One panelist said something I thought was interesting — maybe because it was me who asked the question. After one panel discussed NATO’s role in combatting climate change, the moderator asked young people to ask questions since climate change would be an issue facing us. Me, taking a look around the room and realizing I must be one of those youths, raised my hand and walked over to the podium.
My voice choked, but I got my question in (video link). The panel talked about how climate change was directly impacting governments, society, and the military now — a point I found powerful. So I wondered out loud how this message was resonating in the US, where climate change denialism is a little too commonplace. It turns out the US military is doing something about it and is advancing towards net zero carbon emissions. Huh, you learn something new every day.
If I may, I’d like to close by jumping on my soapbox, and I’d like to do this as possibly the NATO Summit’s sole Vytautas attendee. In 1429 in the Congress of Lutsk, under the leadership of people like Vytautas the Great, there was a unity among Eastern European people. This unity, I believe, led to the region being able to defend itself and provide a relatively peaceful existence compared to other regions at the time.
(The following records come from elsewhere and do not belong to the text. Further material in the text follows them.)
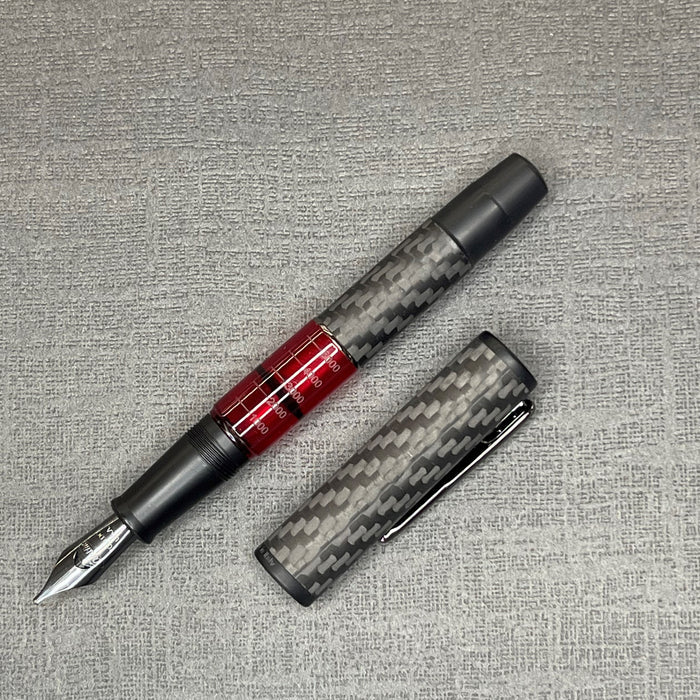 Conklin Carbon Fiber Stealth Word Gauge Fountain Pen - Red | Atlas Stationers.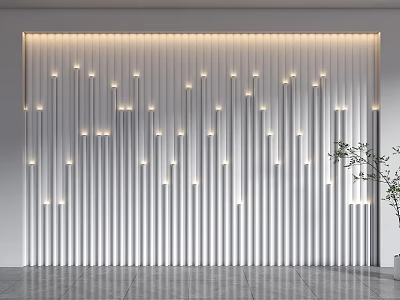 Modern Sofa Background Wall With Vertical Strips Lighting And Plant 3d model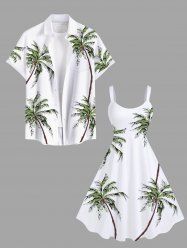 Tenue de plage hawaïenne grande taille à imprimé cocotier pour couple - Blanc 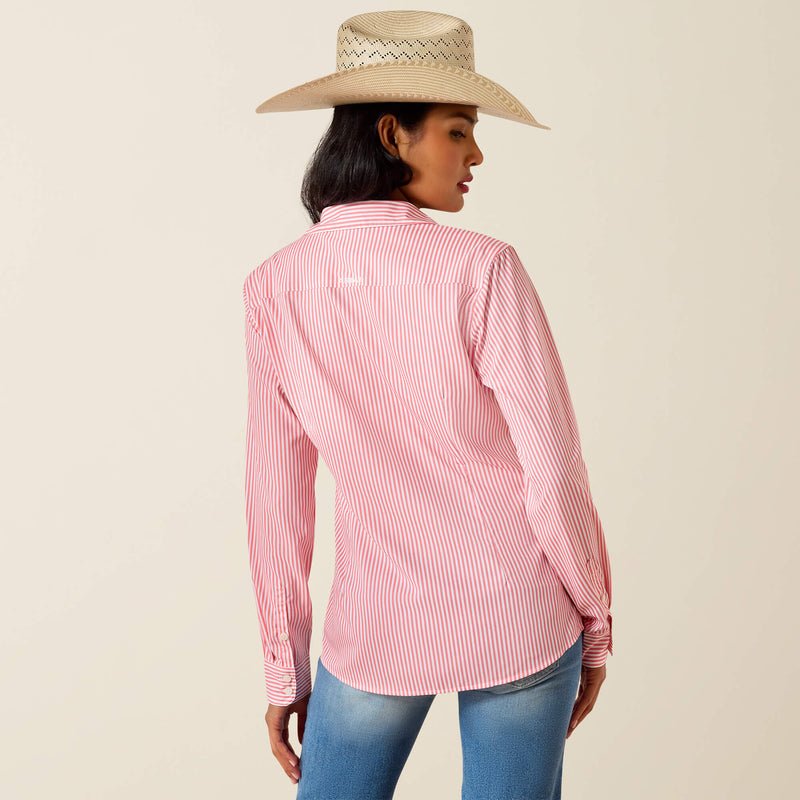 Load image into Gallery viewer, Ariat Womens Kirby Pro Stripe Shirt - Sun Kissed Coral Stripe
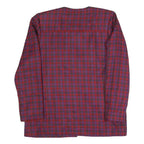 Womens Red Blue Check Button Jacket L Polyester Blend Classic Fit Long Sleeve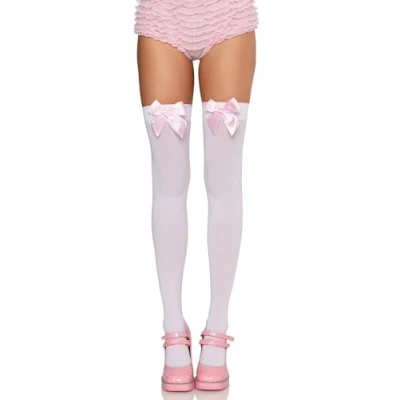 Abbildung von Leg Avenue Overknees Nylon mit Schleife LA 6255, Farbe:Weiss/Blassrosa;Groesse:One Size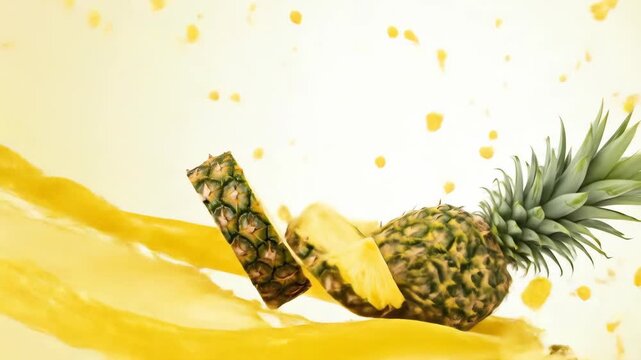 Pineapple splashing in juice slow motion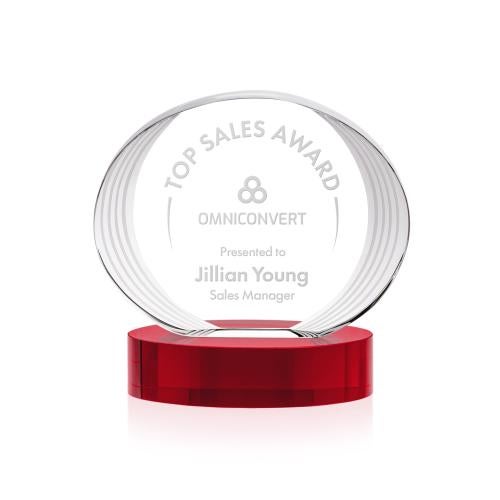 Corporate Awards - Crystal Awards - Sheraton Red on Base Circle Crystal Award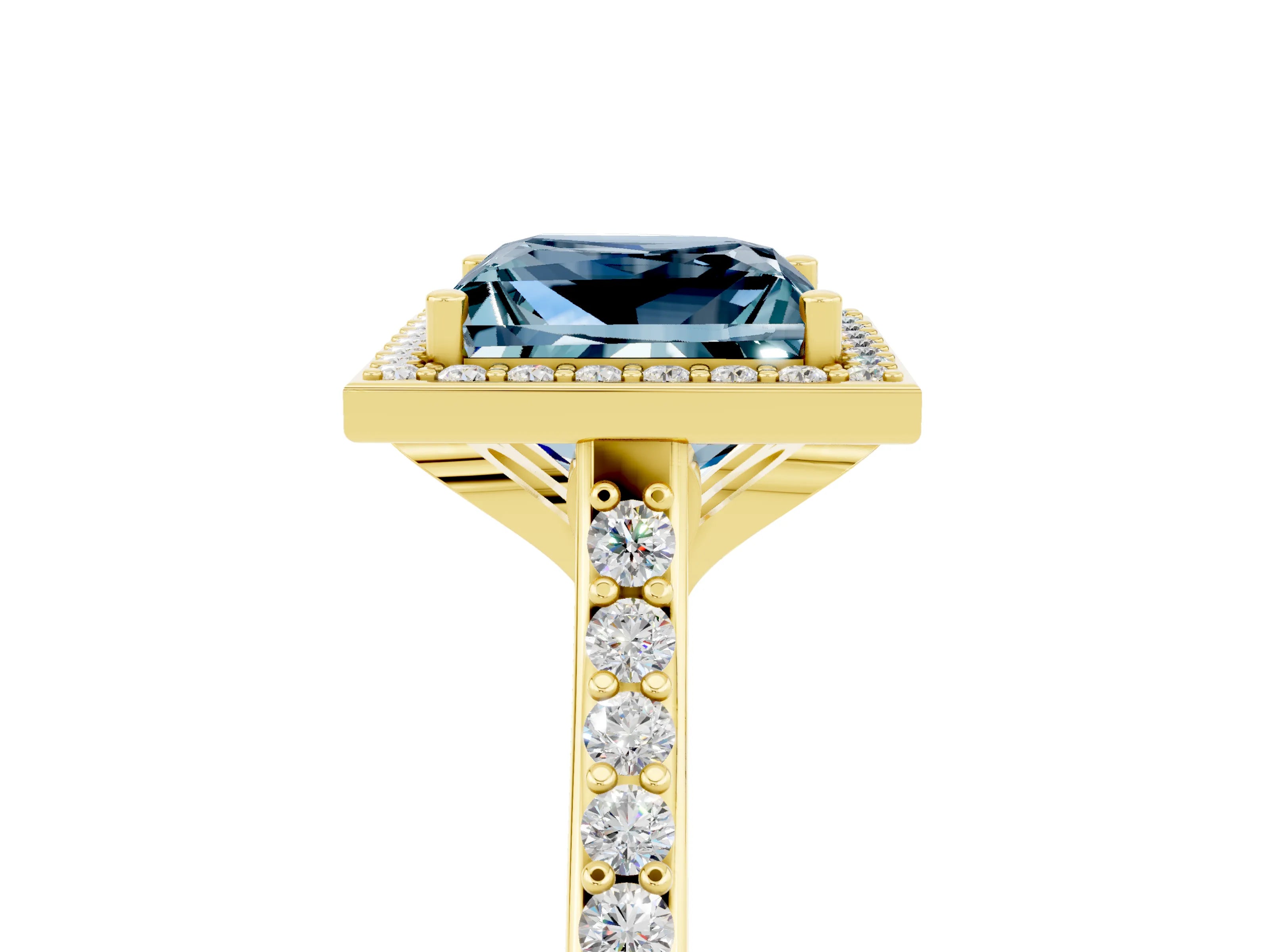 Yellow gold Princess Cut Halo Round Diamond Pavé Band with Four-Prong Setting_5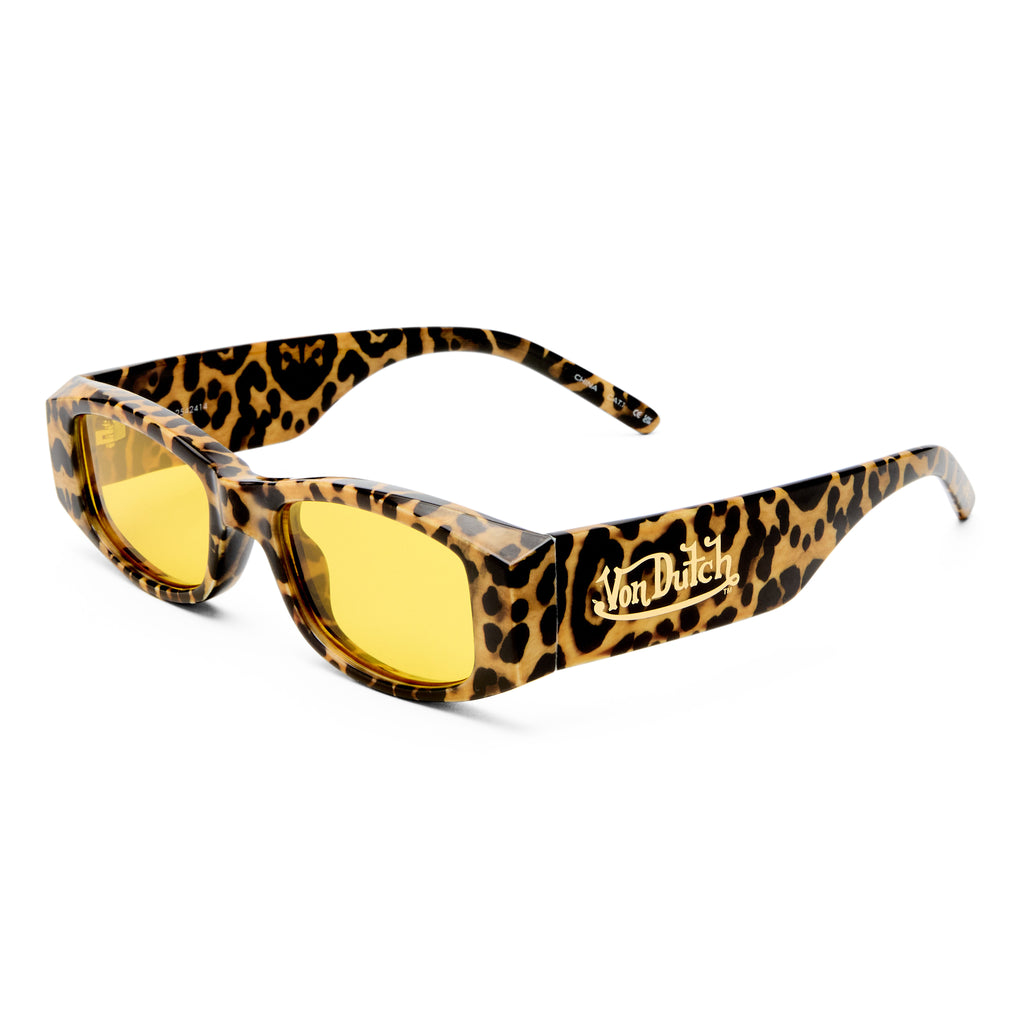 Aire Rehab Leopard Print Uni-Sex Rectangle Sunglasses | Eyewear Index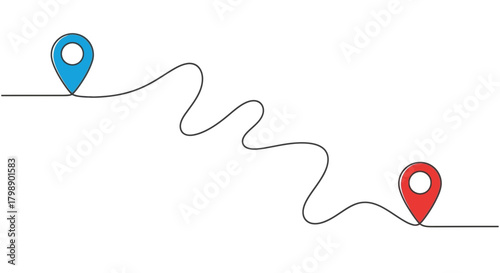 Two map pin pointer with winding line, one blue and one red color, concept for travel route, delivery path and navigation guidance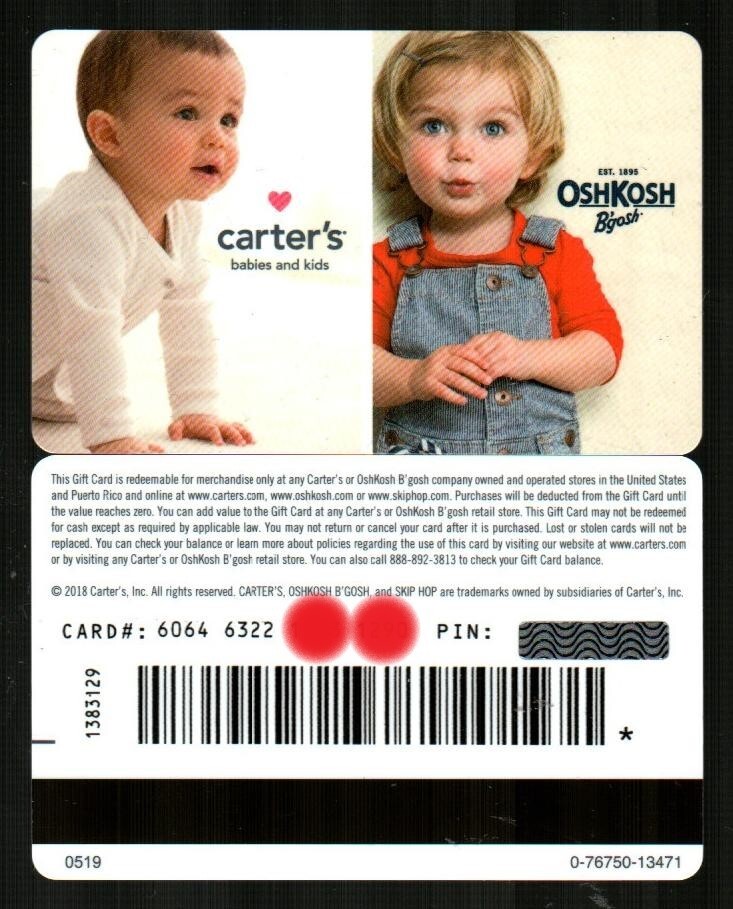 Carters Oshkosh Baby Carters Coupons CARTER'S OSHKOSH B'GOSH Baby, Toddler  2019 Gift Card $0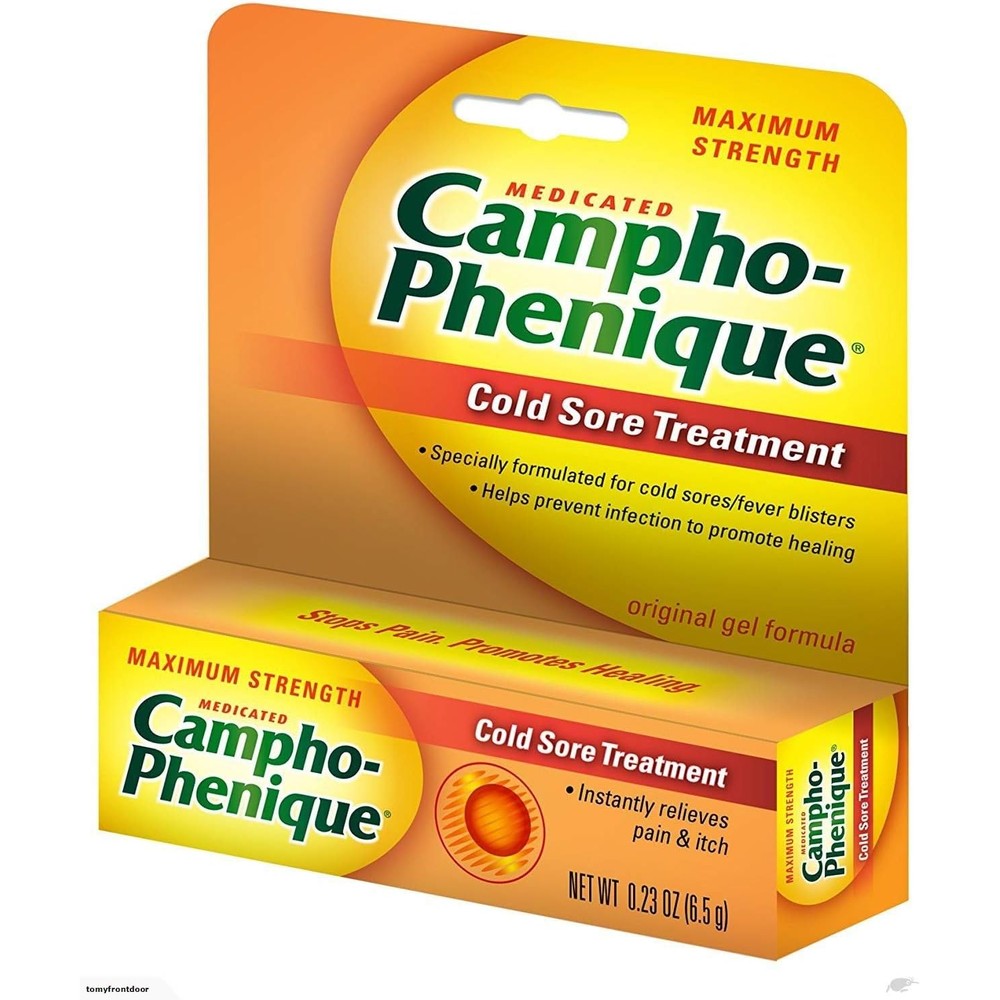 Campho-Phenique Cold Sore Treatment Original Gel Formula 0.23 Ounce front packaging for fast pain relief.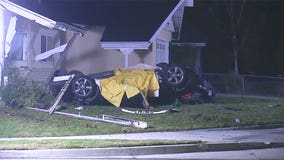 One dead, two critically injured after car flips, crashes into Simi Valley home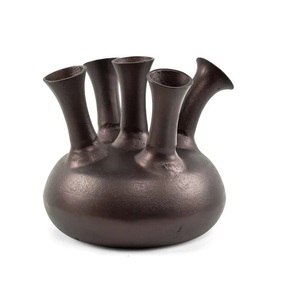 Jarrón de cuerno de aluminio negro mate para mesa, decoración de bodas y fiestas, jarrón de decoración de flores para centro de mesa - Product Image 4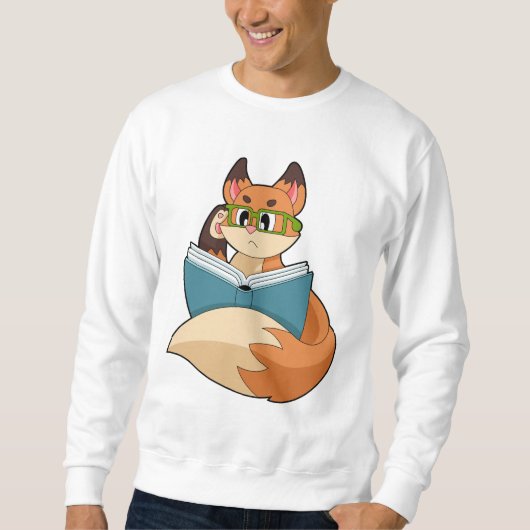 Fox als nerd met boek en bril trui (Voorkant)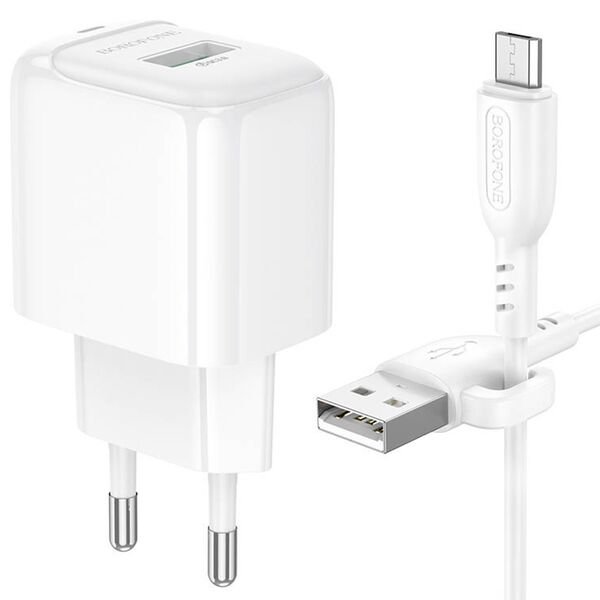Зарядное устройство Borofone BAS42A 18W USB + кабель Micro USB Белый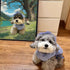 Cute dog poses with its custom pet portrait, a personalized dog painting and unique pet wall art gift.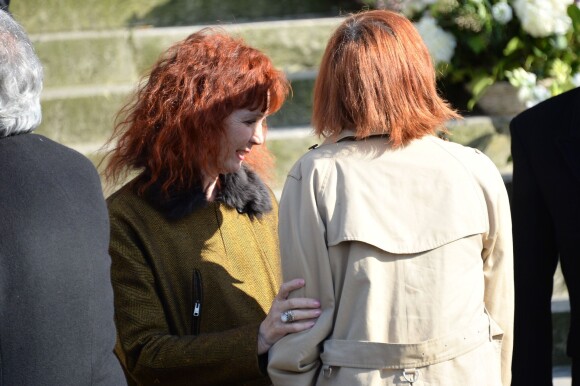 Sabine Azéma lors des funérailles d'Alain Resnais en l'église Saint-Vincent-de-Paul à Paris le 10 mars 2014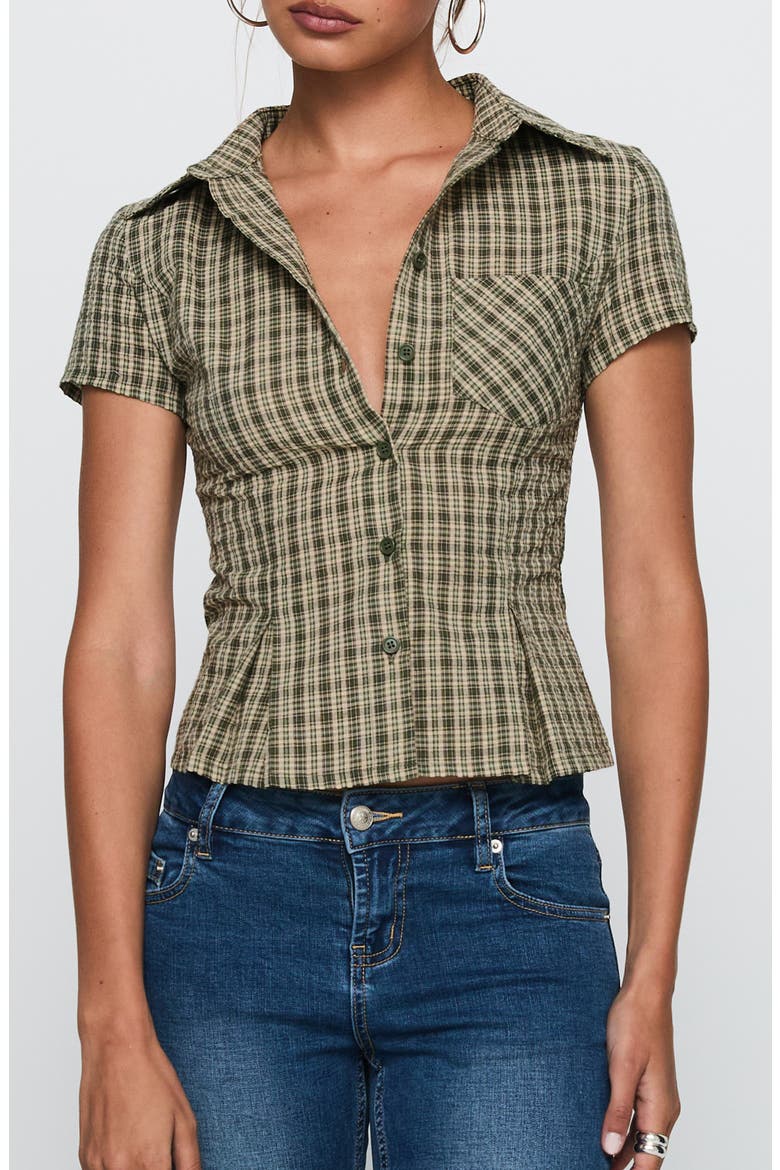 Alma Mater Check Cotton Button-Up Shirt, Main, color, GREEN CHECK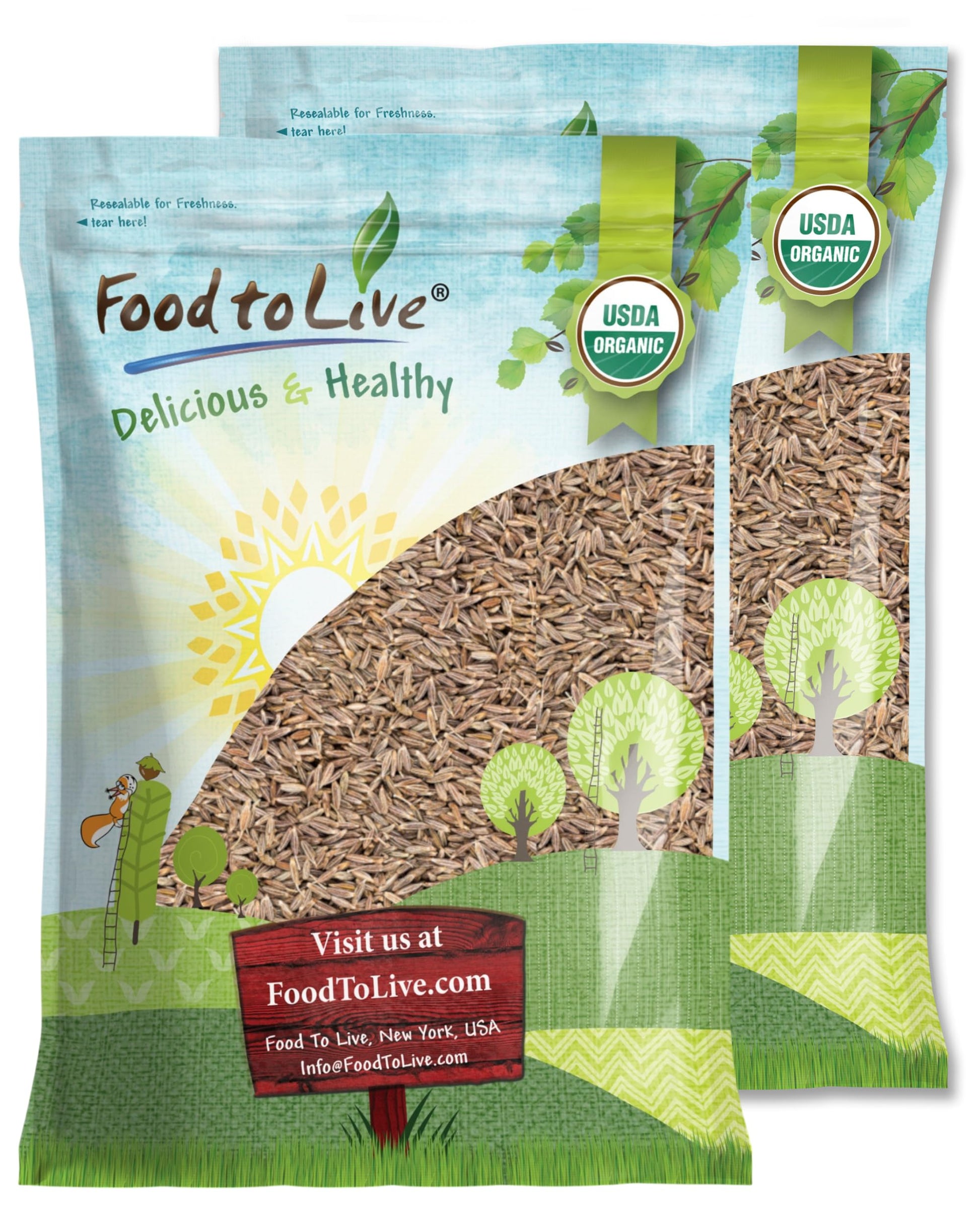 Food to Live Organic Cumin Seeds, 10 Pounds - 100% Natural, Non-GMO, Aromatic Seasoning, Perfect for Spices, Baking and Pickling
Today, countries like the United States, the UK, Germany, and in a way Russia, hold all the cards to decide the fate of Eastern Europe. Eastern European countries individually try to fight how they can — Ukraine with blood and the rest providing the most support per capita. During the NATO Summit, Eastern European countries were the ones advocating the hardest for Ukraine to join NATO asap, and for better or worse, the opinions of the United States and Germany ruled the day.
Look, I’m grateful for the support the United States and my American friends are providing for Ukraine and Eastern Europe. I’m also grateful for the level-headed leadership of the US government, and I will do everything in my power to make sure that support lasts. But that support might not last forever.
The day after the Summit, 89 Republican members of Congress voted to cut $300 million in military aid for Ukraine (up from 57 House Republicans who voted to cut aid last year. Zero Democrats voted against either). Whenever an issue becomes partisan, that is the fastest way to kill that issue (think about abortion, gun violence, climate change, etc). Who knows what will happen when Ukraine becomes a full-blown wedge issue and US-government support for Ukraine stops? At the rate at which Eastern Europe depends on the US for its protection, that won’t be a good day.
So we Eastern Europeans need to stay united, and I want to continue to thank our friends and allies who’ve shown such steadfast support. Call your members of Congress, thank them for their support if they support Ukraine, and ask them why they don’t support Ukraine if they don’t. Stray from accusations, we need to maintain trust. Tell the story of how destructive the Russian government can be — in my experience most people just don’t know if it’s not in their family history.
As long as we stay united, that scary future might not come tomorrow, and we can resolve the issues facing us today.